Page 10 of 15
Re: 65VM02
Posted: Thu May 25, 2017 8:29 pm
by GaBuZoMeu
Using JVM with A having an odd contents could become a GTF (aka GoToForest). But JVM could do an implicit A and $FE to avoid this.
By combining Page*$100 + A and then shift this one bit left you still work with 8 bit quantities.
Re: 65VM02
Posted: Fri May 26, 2017 12:05 am
by barrym95838
My friend used to say that I must have executed an "ITW" instruction, for "Into The Weeds".
Mike B.
Re: 65VM02
Posted: Fri May 26, 2017 1:28 am
by GaBuZoMeu
GTF, ITW, and RPC (Randomize PC) are common hidden features of all sort of programming gear me thinks.
edit(1): there is a relative variant too: BH (Branch and Hang)
Re: 65VM02
Posted: Fri May 26, 2017 4:41 am
by Hugh Aguilar
The D-register could span from A9..A16 instead of A8..A15. Increment D then means D := D+512. This would extend the direct pages even into the alternate bank, doubles the number of possible separated tasks - I don't speak Forth, so no idea whether this could be of any use.
The D register tells us where the direct-page and return-stack are.
Each task has its own direct-page and return-stack and its own value for D. I don't envision any application having more than maybe four tasks. So, D is plenty big already.
Thanks for the idea though! I don't think it really works for the 65VM02, but still, I want to hear everybody's ideas.

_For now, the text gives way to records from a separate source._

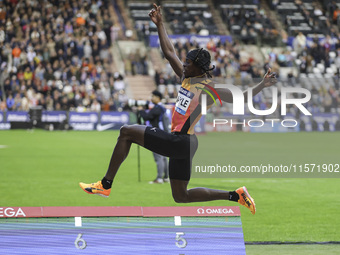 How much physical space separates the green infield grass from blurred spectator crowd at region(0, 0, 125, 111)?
541 cm

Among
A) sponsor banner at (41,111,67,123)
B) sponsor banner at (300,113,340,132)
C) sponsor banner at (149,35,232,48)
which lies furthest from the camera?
sponsor banner at (149,35,232,48)

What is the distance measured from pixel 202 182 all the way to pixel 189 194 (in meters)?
8.65

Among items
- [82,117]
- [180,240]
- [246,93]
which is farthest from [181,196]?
[82,117]

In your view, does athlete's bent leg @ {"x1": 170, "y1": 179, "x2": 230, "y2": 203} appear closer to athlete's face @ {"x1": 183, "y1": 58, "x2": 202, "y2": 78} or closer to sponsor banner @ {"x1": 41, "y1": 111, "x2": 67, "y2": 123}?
athlete's face @ {"x1": 183, "y1": 58, "x2": 202, "y2": 78}

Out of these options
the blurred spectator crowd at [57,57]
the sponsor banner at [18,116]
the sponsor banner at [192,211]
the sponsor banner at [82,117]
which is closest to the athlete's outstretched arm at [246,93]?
the sponsor banner at [192,211]

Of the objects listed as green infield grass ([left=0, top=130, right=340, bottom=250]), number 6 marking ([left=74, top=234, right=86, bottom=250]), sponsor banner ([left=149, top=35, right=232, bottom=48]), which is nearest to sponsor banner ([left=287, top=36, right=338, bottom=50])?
sponsor banner ([left=149, top=35, right=232, bottom=48])

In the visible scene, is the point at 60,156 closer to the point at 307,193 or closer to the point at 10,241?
the point at 307,193

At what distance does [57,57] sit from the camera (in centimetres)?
3712

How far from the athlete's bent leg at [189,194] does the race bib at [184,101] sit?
2.96 feet

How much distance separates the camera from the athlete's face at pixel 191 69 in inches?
299

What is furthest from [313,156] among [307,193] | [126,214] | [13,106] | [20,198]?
[13,106]

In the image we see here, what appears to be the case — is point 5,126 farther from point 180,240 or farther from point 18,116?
point 180,240

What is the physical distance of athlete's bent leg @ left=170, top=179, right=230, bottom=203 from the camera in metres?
7.89

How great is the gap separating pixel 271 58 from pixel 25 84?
15.6 meters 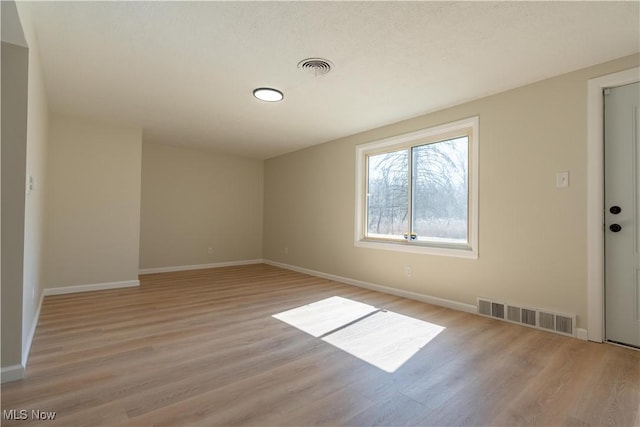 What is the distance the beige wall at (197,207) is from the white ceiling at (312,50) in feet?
6.50

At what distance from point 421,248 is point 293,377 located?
8.01 feet

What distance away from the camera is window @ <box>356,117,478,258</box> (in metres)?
3.49

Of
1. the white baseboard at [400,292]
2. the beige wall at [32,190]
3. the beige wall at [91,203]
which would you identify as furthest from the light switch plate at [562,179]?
the beige wall at [91,203]

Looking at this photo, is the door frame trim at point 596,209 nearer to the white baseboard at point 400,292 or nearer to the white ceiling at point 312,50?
the white ceiling at point 312,50

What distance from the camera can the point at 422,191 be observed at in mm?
3988

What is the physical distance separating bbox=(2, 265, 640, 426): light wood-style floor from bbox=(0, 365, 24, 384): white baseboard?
51mm

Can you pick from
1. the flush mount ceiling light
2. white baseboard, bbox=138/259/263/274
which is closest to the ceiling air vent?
the flush mount ceiling light

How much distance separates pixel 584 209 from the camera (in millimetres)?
2641

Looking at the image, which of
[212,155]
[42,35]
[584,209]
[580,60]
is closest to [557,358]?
[584,209]

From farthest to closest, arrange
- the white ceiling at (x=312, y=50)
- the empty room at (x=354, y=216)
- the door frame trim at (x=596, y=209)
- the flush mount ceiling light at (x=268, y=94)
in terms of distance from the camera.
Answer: the flush mount ceiling light at (x=268, y=94) → the door frame trim at (x=596, y=209) → the white ceiling at (x=312, y=50) → the empty room at (x=354, y=216)

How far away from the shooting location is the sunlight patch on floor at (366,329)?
2.32m

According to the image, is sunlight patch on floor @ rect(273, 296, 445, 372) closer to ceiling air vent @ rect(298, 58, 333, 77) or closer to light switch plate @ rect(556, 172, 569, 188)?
light switch plate @ rect(556, 172, 569, 188)

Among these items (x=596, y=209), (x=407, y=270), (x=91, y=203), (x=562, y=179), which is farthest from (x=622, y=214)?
(x=91, y=203)

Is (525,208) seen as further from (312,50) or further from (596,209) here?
(312,50) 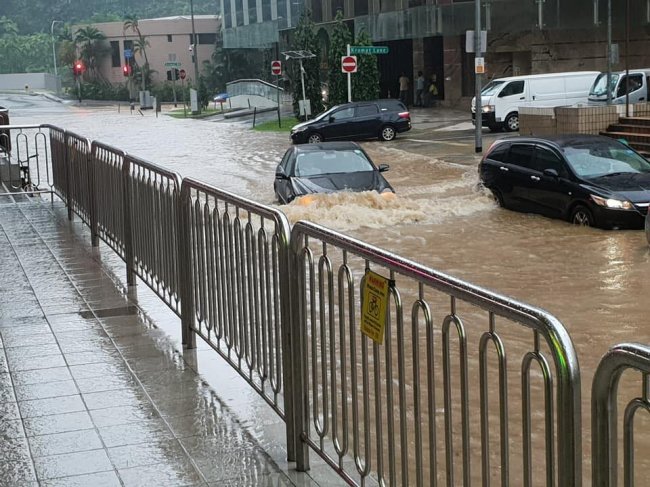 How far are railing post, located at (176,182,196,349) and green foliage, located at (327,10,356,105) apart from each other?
123ft

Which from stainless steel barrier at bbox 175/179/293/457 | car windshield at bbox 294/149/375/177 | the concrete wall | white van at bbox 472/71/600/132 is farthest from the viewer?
the concrete wall

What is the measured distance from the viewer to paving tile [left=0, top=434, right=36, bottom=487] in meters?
5.41

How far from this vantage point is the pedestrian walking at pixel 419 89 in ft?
182

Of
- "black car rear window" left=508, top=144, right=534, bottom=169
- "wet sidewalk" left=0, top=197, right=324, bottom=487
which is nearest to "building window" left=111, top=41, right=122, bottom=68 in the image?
"black car rear window" left=508, top=144, right=534, bottom=169

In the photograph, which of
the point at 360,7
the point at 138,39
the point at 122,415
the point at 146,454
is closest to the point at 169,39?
the point at 138,39

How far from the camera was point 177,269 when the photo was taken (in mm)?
8141

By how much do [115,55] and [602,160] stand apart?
10698cm

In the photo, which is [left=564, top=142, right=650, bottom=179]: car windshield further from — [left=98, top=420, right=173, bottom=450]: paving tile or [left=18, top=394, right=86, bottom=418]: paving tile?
[left=98, top=420, right=173, bottom=450]: paving tile

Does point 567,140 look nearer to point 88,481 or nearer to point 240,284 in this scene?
point 240,284

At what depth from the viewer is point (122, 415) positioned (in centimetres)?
644

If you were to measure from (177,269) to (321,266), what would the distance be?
126 inches

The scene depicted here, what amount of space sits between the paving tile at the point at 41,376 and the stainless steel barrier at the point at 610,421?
4941 mm

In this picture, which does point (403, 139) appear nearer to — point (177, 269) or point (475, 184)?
Result: point (475, 184)

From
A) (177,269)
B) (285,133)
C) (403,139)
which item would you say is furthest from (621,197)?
(285,133) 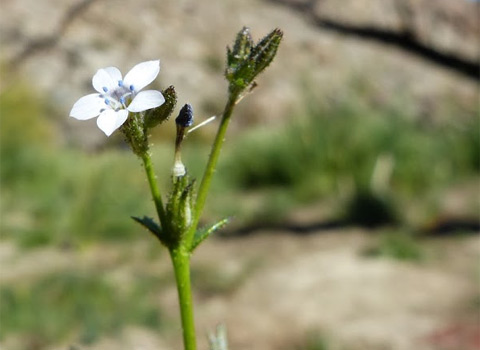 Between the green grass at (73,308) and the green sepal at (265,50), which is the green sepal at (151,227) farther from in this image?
the green grass at (73,308)

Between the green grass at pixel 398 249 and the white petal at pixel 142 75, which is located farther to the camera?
the green grass at pixel 398 249

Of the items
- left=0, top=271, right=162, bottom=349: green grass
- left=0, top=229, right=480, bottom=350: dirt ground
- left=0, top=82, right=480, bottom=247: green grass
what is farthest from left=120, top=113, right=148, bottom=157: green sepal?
left=0, top=82, right=480, bottom=247: green grass

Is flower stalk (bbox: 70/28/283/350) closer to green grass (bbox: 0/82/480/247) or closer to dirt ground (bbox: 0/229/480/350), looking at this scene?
dirt ground (bbox: 0/229/480/350)

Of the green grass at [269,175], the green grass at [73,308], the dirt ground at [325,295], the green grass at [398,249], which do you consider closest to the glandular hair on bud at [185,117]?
the green grass at [73,308]

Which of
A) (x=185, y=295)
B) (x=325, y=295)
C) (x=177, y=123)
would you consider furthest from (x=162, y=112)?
(x=325, y=295)

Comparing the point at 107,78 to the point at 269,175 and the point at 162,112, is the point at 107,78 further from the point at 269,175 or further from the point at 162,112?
the point at 269,175

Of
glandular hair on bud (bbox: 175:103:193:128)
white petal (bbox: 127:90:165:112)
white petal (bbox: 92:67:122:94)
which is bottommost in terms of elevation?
white petal (bbox: 127:90:165:112) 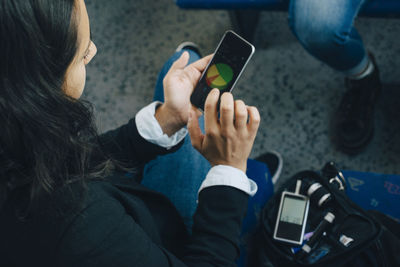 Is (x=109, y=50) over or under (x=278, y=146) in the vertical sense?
over

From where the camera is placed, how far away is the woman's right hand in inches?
Result: 19.6

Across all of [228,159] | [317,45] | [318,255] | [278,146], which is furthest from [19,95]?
[278,146]

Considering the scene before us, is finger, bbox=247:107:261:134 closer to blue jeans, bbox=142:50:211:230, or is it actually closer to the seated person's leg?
blue jeans, bbox=142:50:211:230

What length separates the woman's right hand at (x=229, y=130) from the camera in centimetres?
50

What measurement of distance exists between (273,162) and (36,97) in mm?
848

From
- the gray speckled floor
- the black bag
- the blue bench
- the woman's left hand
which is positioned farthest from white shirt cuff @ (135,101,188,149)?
the gray speckled floor

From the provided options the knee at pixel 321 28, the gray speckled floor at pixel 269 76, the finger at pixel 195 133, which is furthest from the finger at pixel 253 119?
the gray speckled floor at pixel 269 76

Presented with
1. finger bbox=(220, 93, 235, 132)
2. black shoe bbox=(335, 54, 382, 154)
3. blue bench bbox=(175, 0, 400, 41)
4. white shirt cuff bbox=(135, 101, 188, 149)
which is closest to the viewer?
finger bbox=(220, 93, 235, 132)

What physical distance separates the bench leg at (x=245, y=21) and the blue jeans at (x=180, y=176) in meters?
0.58

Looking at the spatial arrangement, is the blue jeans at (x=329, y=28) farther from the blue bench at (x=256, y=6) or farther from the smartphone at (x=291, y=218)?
the smartphone at (x=291, y=218)

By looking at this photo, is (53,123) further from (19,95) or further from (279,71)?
(279,71)

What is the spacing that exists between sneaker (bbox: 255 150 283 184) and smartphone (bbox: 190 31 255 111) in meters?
0.48

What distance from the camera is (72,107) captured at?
1.41 feet

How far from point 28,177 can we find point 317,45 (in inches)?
31.2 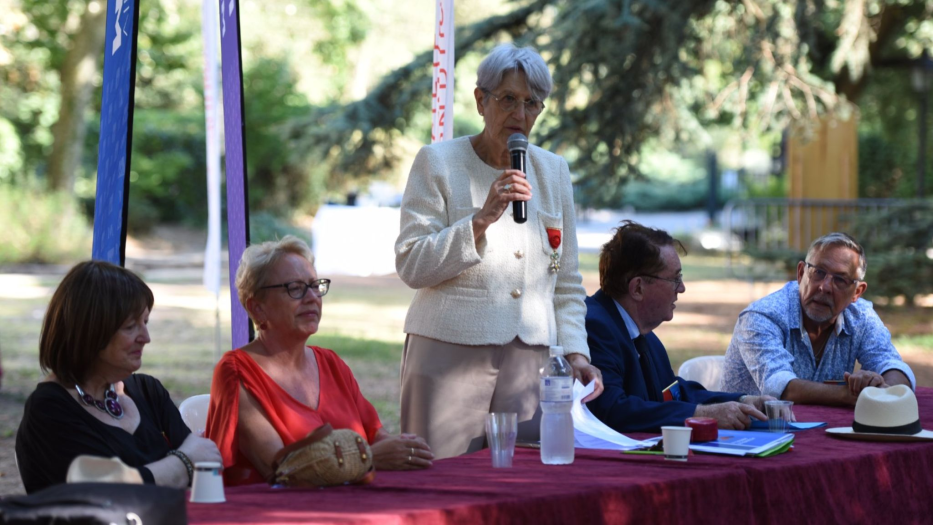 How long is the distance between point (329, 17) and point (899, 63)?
13.2 metres

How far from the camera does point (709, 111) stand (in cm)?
1103

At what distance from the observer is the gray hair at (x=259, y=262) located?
112 inches

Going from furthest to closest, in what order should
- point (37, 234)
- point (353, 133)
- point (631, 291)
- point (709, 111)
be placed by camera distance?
point (37, 234), point (353, 133), point (709, 111), point (631, 291)

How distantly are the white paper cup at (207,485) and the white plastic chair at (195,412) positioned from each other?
1.24 metres

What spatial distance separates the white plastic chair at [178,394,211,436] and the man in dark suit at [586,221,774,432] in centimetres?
126

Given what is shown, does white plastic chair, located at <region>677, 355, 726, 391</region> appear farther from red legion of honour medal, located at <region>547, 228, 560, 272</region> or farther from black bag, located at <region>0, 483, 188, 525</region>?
black bag, located at <region>0, 483, 188, 525</region>

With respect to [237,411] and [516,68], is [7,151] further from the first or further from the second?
[237,411]

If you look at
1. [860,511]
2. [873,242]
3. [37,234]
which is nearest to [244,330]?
[860,511]

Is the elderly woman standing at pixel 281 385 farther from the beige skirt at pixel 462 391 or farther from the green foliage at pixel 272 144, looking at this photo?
the green foliage at pixel 272 144

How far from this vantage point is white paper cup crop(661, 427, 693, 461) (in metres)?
2.64

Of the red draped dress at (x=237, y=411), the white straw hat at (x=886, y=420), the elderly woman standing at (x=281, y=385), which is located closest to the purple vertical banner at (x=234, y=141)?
the elderly woman standing at (x=281, y=385)

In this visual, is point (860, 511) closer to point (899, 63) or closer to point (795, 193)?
point (795, 193)

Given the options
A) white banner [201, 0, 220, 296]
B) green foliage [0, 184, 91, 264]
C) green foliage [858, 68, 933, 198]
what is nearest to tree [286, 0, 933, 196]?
white banner [201, 0, 220, 296]

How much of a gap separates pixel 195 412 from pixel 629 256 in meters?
1.51
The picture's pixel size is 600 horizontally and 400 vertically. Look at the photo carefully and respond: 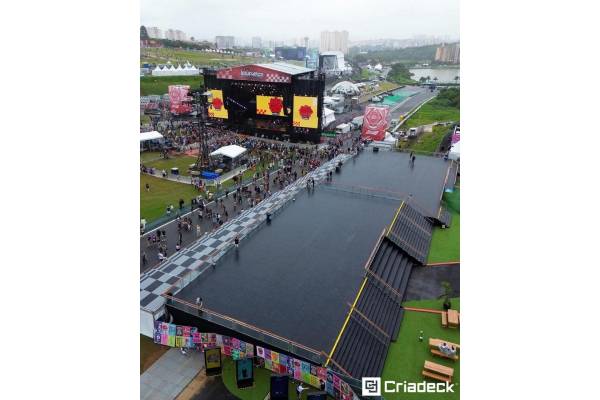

The 65c816 has a DP register that is similar to my D registers except that it is 16-bit. I have heard (on this forum) about Forth systems that use DP as a data-stack. This is another interesting idea. I'm somewhat dubious of this because normally you want to have pointers and I/O ports in zero-page, and with this scheme you would have to set DP to 0 to access them, which would be awkward.
Re: 65VM02
Posted: Fri May 26, 2017 5:10 am
by BigDumbDinosaur
...normally you want to have pointers and I/O ports in zero-page, and with this scheme you would have to set DP to 0 to access them, which would be awkward.
There's little incentive to make I/O hardware appear in zero page, especially if running with a high clock rate. On the face of it, it would seem that I/O access would benefit from direct page addressing. However, in most device drivers, reads and writes on the hardware are relatively few in number compared to other operations that are going on, such as manipulating the data structures that are handling data from I/O devices. A direct page load or store, on average, takes one less clock cycle than an absolute load or store. Hence the real performance gain in the context of direct page hardware access tends to be quite small, and can all but vanish if wait-states are required.
Using valuable direct page addresses on I/O hardware means fewer addresses are available for data structures that can really benefit from the quicker direct page addressing modes, such as buffer pointers, flags and math accumulators. I've worked with 65xx hardware for over 40 years and cannot recall encountering anything in which the I/O hardware was mapped in at direct page.
Re: 65VM02
Posted: Fri May 26, 2017 10:57 am
by GaBuZoMeu
The D register tells us where the direct-page and return-stack are.
Each task has its own direct-page and return-stack and its own value for D. I don't envision any application having more than maybe four tasks. So, D is plenty big already.
D is still one byte. It's like the JVM where you need A to be even (LSB = 0). D is the high byte only base address for direct and return stack addresses. By shifting D one bit left during usage your CPU won't loose any single clock.
4 tasks:
It is not long ago that a customer asked us to built a sort of multi channel interface. So we built around a small ARM device this IF. It receives enveloped data from the host via USB and dispatches it according to the envelopes to 4 serial ports (2x RS232, 1x RS422, 1x RS485), one CAN bus, 3x I²C, and 3x SPI. Each of these ports will eventually respond to the transmission. These responses has to be enveloped and enqueued into an upstream back to the host.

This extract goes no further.